The answers matter. In the case of a city expanding a storm-water system, underestimating how often heavy downpours might occur could mean pipes won’t drain fast enough to prevent flooding on streets or in homes. A new road could flood more often than expected, shortening its useful life.

First Street, which has previously examined how climate change is deepening risks posed by floods, wildfires, heat and hurricane wind strength, created its latest analysis using data from nearly 800 federal weather stations. Researchers focused on the past 20 years of rain gauge data, in an effort to highlight how the warming atmosphere has increasingly played a role in more intense rain events.

As with the group’s previous analysis, the latest findings underscore how significant amounts of risk are likely unaccounted for in parts of the country.
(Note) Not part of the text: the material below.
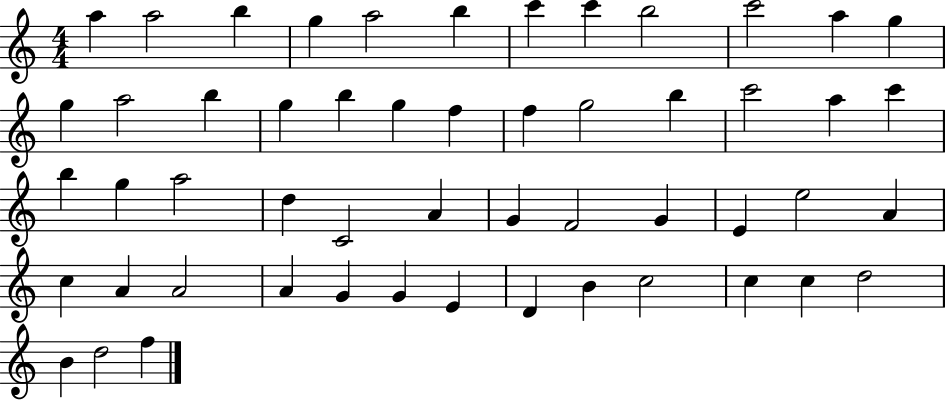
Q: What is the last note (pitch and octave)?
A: F5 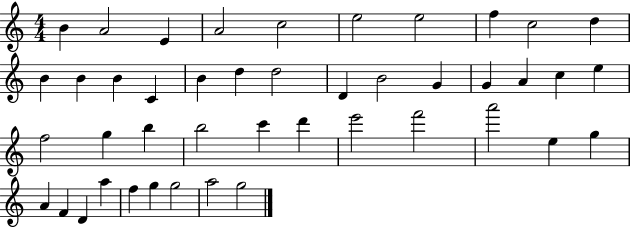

Americans should consider the rising number of catastrophic rain events in recent decades not as outliers, but rather “as the ‘new normal’ for many areas,” Monday’s report finds. “What this means for communities today is that their understanding of risk is often underestimated,” the group wrote, “and in many locations the infrastructure in place or that is currently being built to protect communities, property and individuals is built to an insufficient standard.”

For his part, Eby said he hopes the findings will help officials think carefully about how they spend taxpayer dollars on major projects, and to have the foresight to grasp how the atmosphere in many places is changing.

“This data hopefully will open people’s eyes,” he said. “[To] realize what the true risk is today, and also what it will be in the future.”